As for your OCs, I really like the narrator, Evie. I feel she will be a very complex and deep character, mainly through your writing in this chapter. But, I like that about her, despite living a life that many might deem to be shallow, she is actually a very layered character, I'm extremely interested to see how she develops.
Now, your style of writing can at points be utterly beautiful; the first few paragraphs for example, the descriptions of the morning after silence, the descriptions of her watching them in front of her and again at the sea. And then, at other points it feels slightly rushed. For example, the scene where they are playing in the sea, I feel you went on a little too long. I feel your whole style of writing changed here, which felt a little disappointing because your writing is beautiful! You are really fantastic at showing instead of telling, there were times were I was completely lost in your writing. Because you do have a real talent, you just need to play to your strengths because that is when your story truly comes alive. Another example of this comes with the dialogue after the party, again, it felt a little rushed too, yet the dialogue towards the end flowed perfectly. It seems in that last bit of dialogue you added a lot more descriptive narrative, I think that's whats missing from the conversation after the party.
And, I must say, your descriptions are really another real strength. It's all so vibrant; I can see the colours and the beauty, I really, really loved your descriptions.
You asked if there was anything endearing that would make readers want to keep reading and the answer is yes, there's plenty. For a start, all of your characters are great. Evie is interesting (as I've mentioned) the male characters seem fun yet we're getting hints that they may be quite different, and the friendship between Clara and Evie is incredibly endearing. But there's also you! And your style of writing! You really are a fantastic writer. Genuinely, you have a real talent. It just feels at times like you're losing your way a little.
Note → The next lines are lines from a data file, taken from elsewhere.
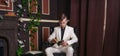 Bored teen student guy in white business suit sitting in a chair with a book by the fireplace Royalty Free Stock Photo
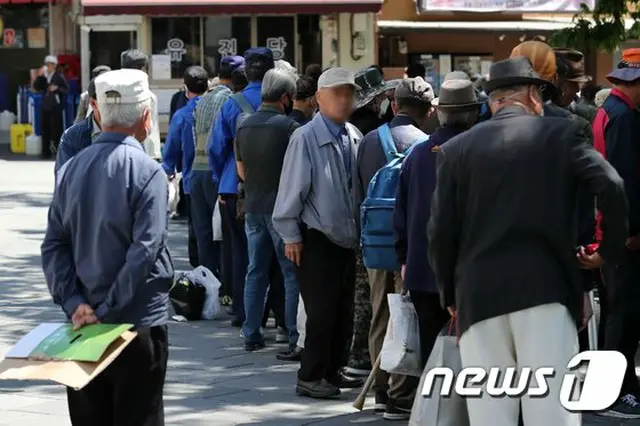 韓国ソウルの公園付近で、無料の食事を受け取るために高齢者たちが並んでいる（画像提供:wowkorea）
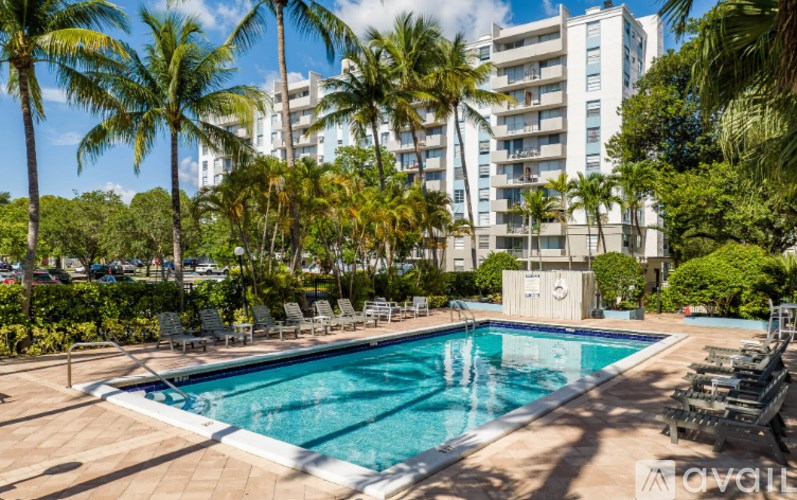 A pool surrounded by palm trees and lounge chairs.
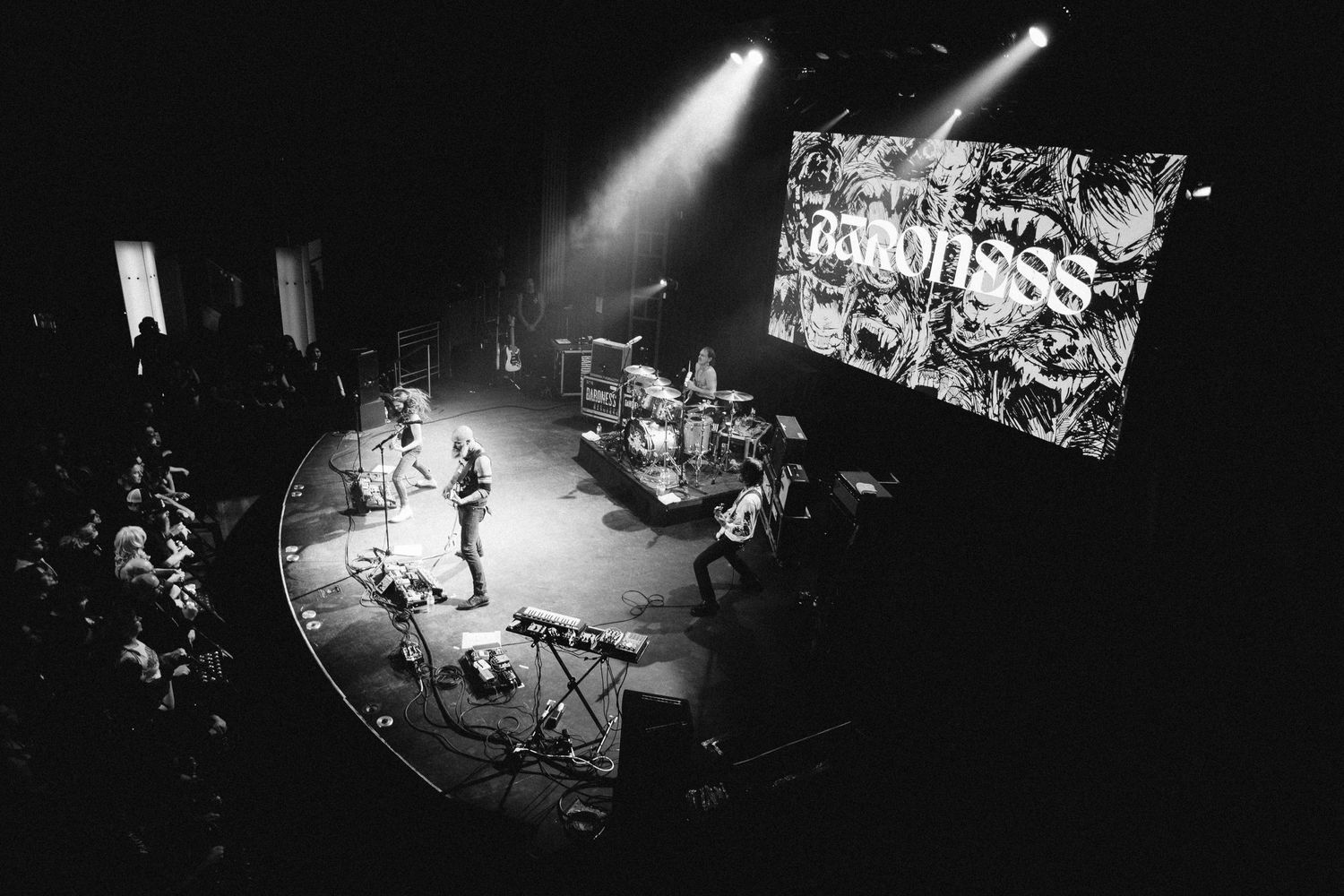 Full Baroness set seen from the balcony of The Palace Theatre, Calgary, the band below a giant logo screen, black and white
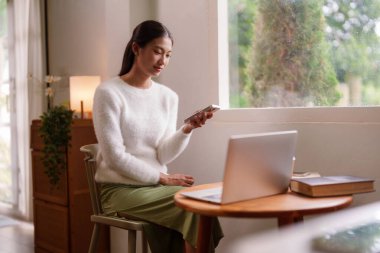 Asyalı genç bir kadın akıllı telefonu ve laptopuyla evde güneşli bir pencerenin yanında huzurlu bir ortamın tadını çıkarıyor.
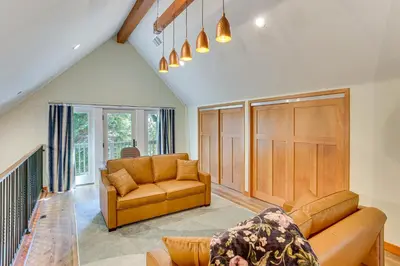a living room with a couch and a table at Game Room and Deck Pet-Friendly Lake Arrowhead Home in Lake Arrowhead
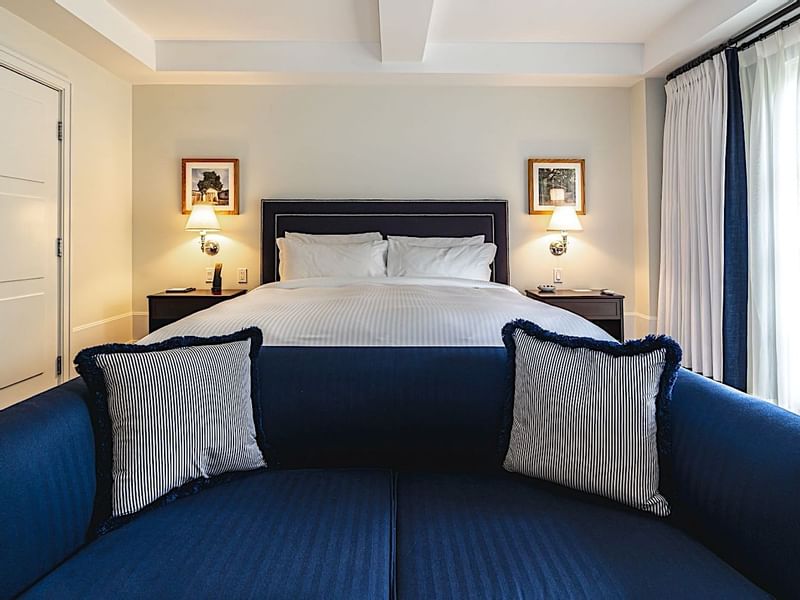 Cozy king bed and blue sofa with striped pillows at El Prado Hotel, creating a relaxing ambiance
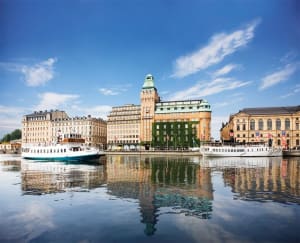 A cityscape featuring stone and glass buildings reflected in calm water.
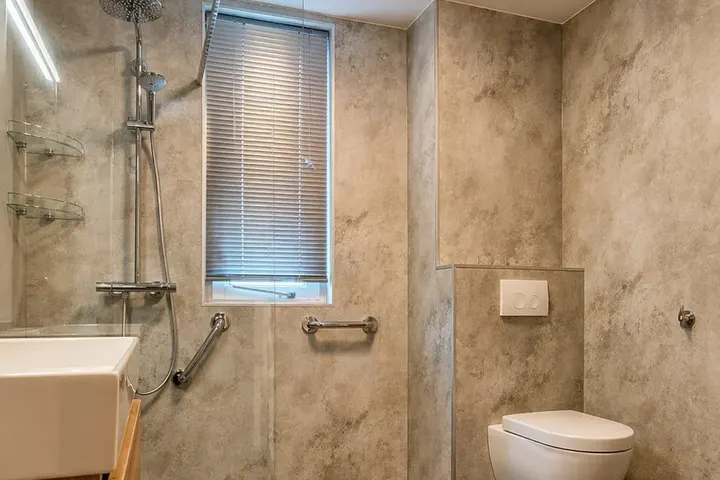 Seniorvriendelijke badkamer met drempelloze inloopdouche, steunbeugels, hangtoilet en steenlook wandpanelen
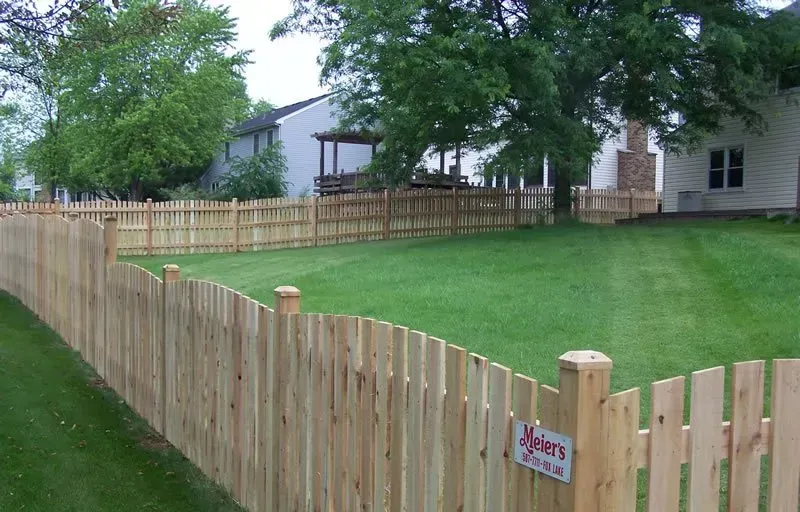 A wooden fence surrounds a lush green lawn in front of a house.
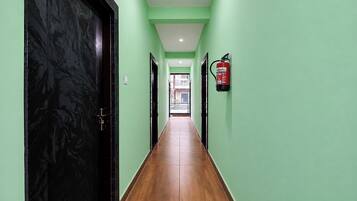 A hallway with green walls, a black door, and a fire extinguisher mounted on the wall.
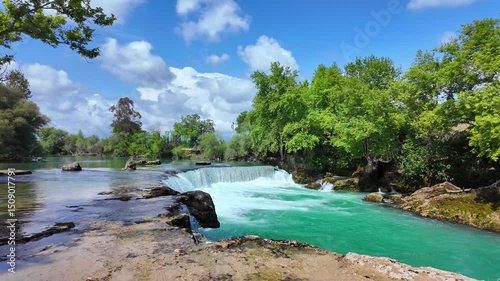 Beautiful landscape of Manavgat waterfall in national park on sunny summer day showcasing azure waterfall water splashing down wide stream from small height, slow motion
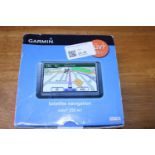 A boxed Garmin sat nav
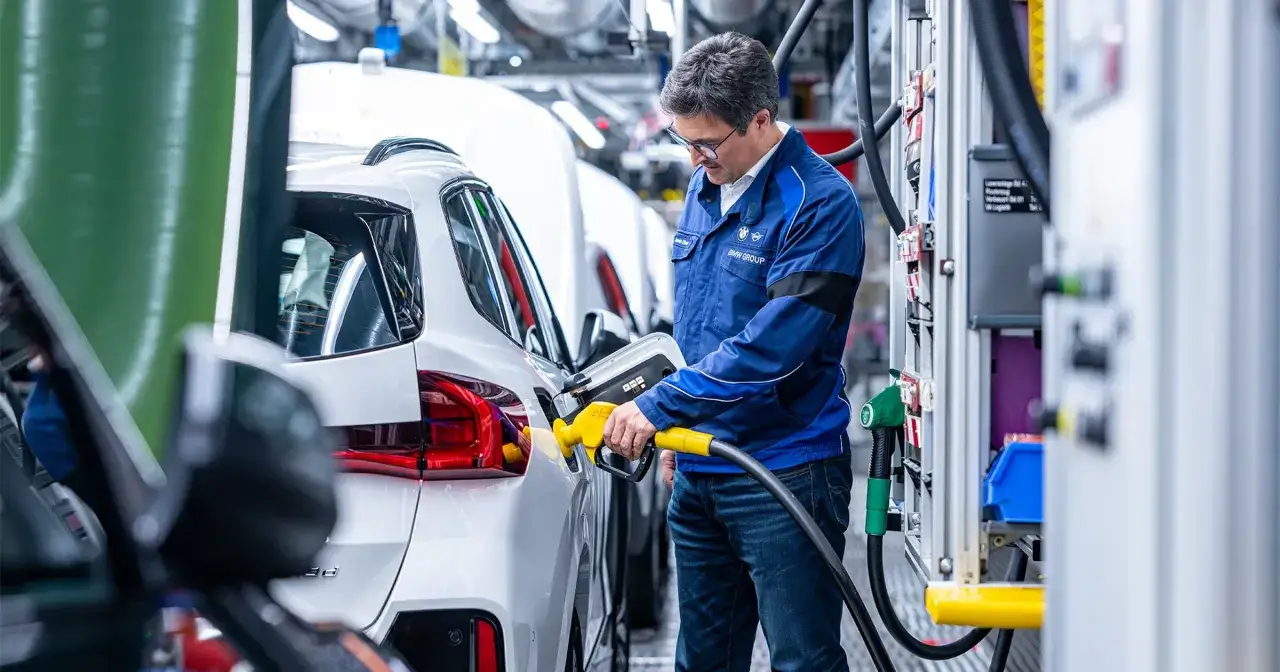 Pracownik BMW tankuje białe auto, prawdopodobnie model BMW 535d, na linii produkcyjnej.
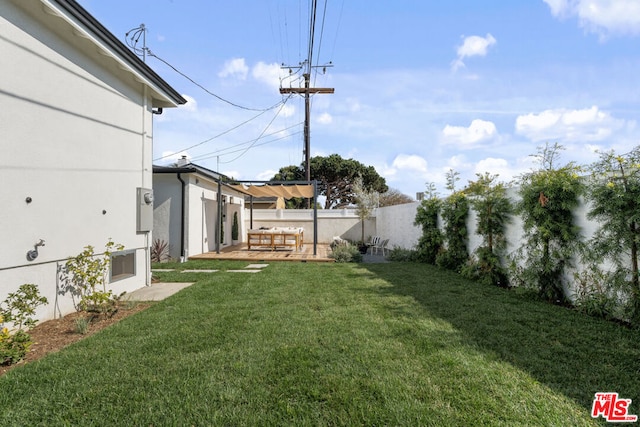 view of yard featuring a wooden deck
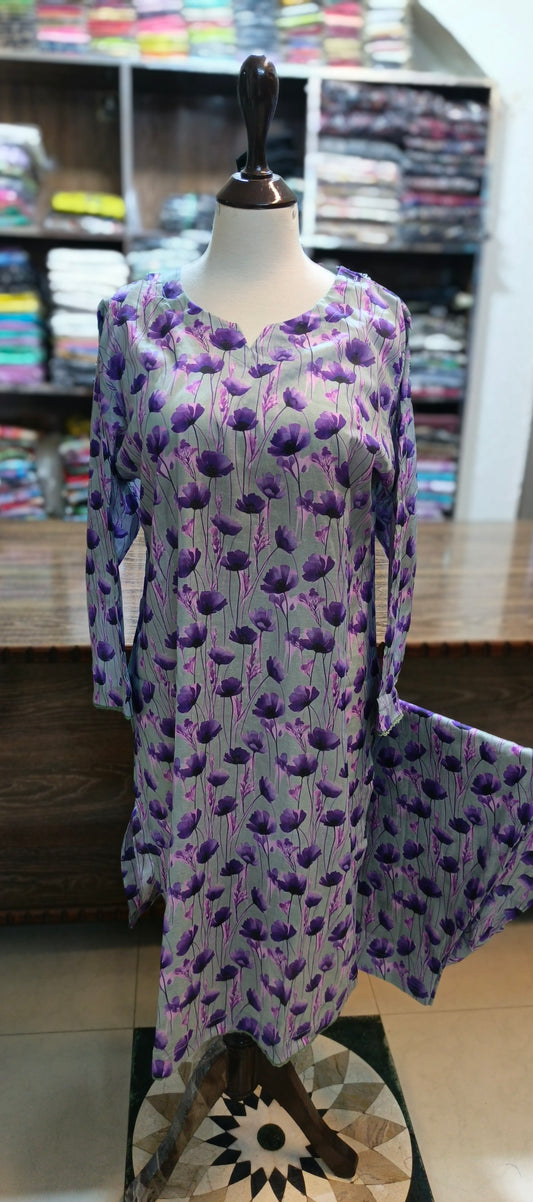 Mannequin wearing a long-sleeve dress with a purple floral pattern in a store setting.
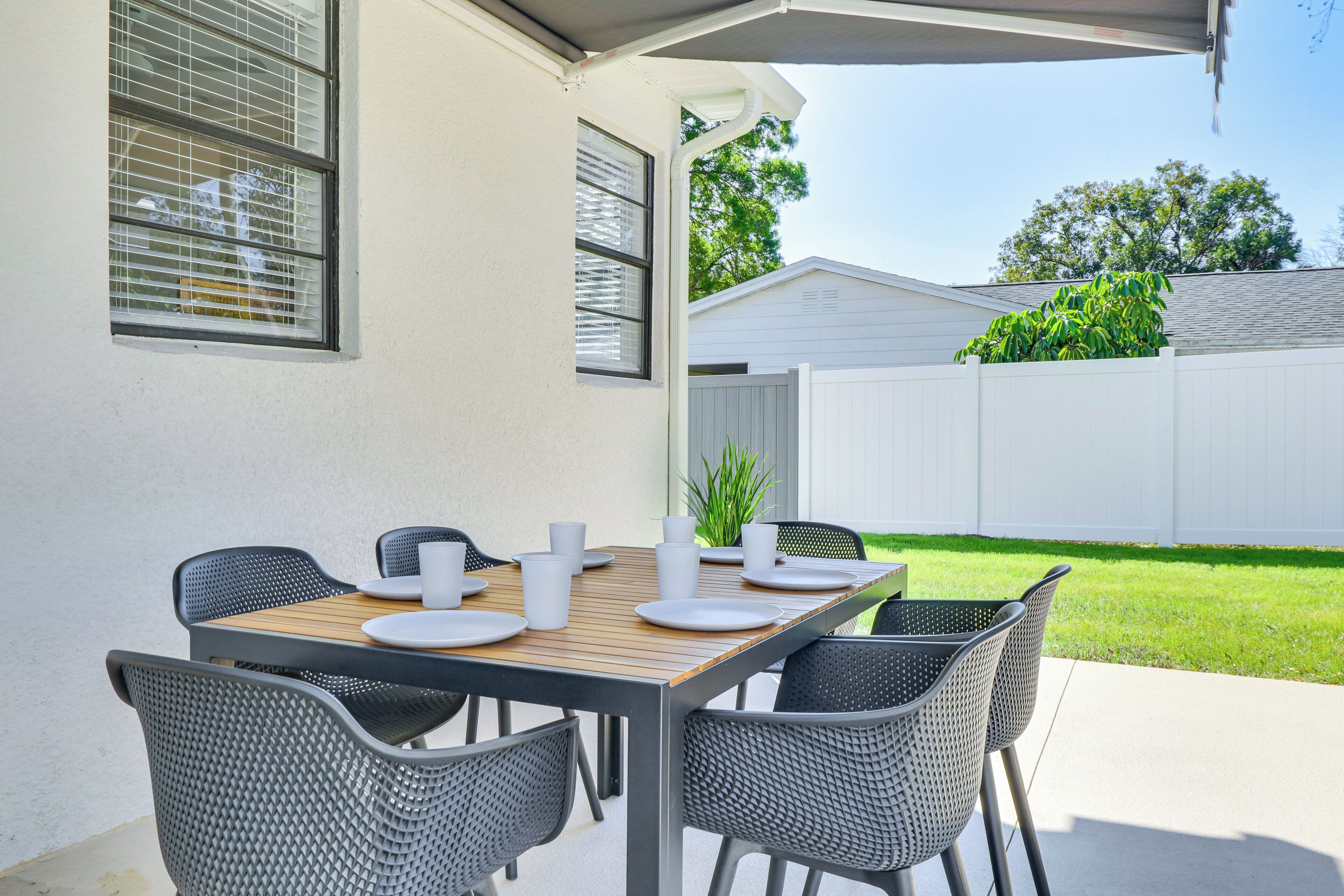 A patio with a table set for four, surrounded by wicker chairs, against a white fence and a green lawn.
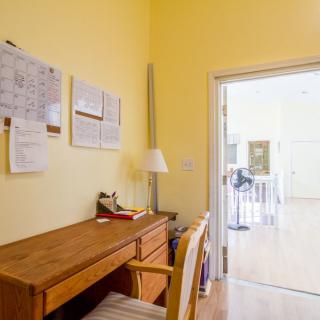 A cozy home office with a wooden desk and chair against a yellow wall, featuring documents pinned on the wall.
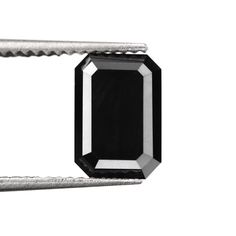 a black diamond is being held by a pair of tongs on a white background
I feel like I want to tell you to take a deep breath and have a little more faith in yourself!
Hope this review helped, and I hope to see your requesting again soon ;)
P.S - I've added this to my favourites to keep an eye on it :)
Author's Response: Firstly, I feel as though I might mention this is the second time I've written this reply, haha, a slight mac-spaz attack managed to lose the first. So this might be a bit patchy, if I think I've already said something that I actually haven't? I'll do my best.
First off, I can't tell you how incredibly grateful I am. This review is one of the loveliest I've laid eyes on, and I can almost promise you've made my soul sing. It's so so lovely, because it feels like you've truly understood my approach, I think. Usually with my writing, I think people get annoyed because it's a bit floral, but I can't help it-the words can be just as attractive as the thing they're describing, and if someone is willing to just sort of dive in...Ah, it makes me happy that you could, anyway =D
This will be a mess, I'm sorry-but I hope I cover everything you touched. I think your mild concrit is what's made me feel the most lightheaded, because every bit you've mentioned, I already sort of stared at those paragraphs with vague distaste. The ocean scene was incredibly hard for me to cough out-it was serious splutters, over a period of time..and then I'd go back and poke it around a bit..and bleh.
That leads me to the morning after silence-I'm thrilled it caught you a little-it's one of my favourite snips, and unlike the ocean, I can't seem to change a single word if I fancy it-it's so solidly become it's own..little piece. I don't even know if it's mine anymore, haha.
I'm rambling to buggary, but honestly. This is ridiculously encouraging, and I can't thank you enough. To hear that you're fond of my floristry gives me some courage to have a look through my text and add some more to the bits that might lack-people who dislike description will run away from the very first paragraph anyway-so I shouldn't care to cater to them too much, aha.
I'll stop myself here-with a firm promise I'll be back with another request as soon as you're free =] You've earned the place as my writing-self-esteem-angel, or something of the sort. Thankyou lovely, very much indeed.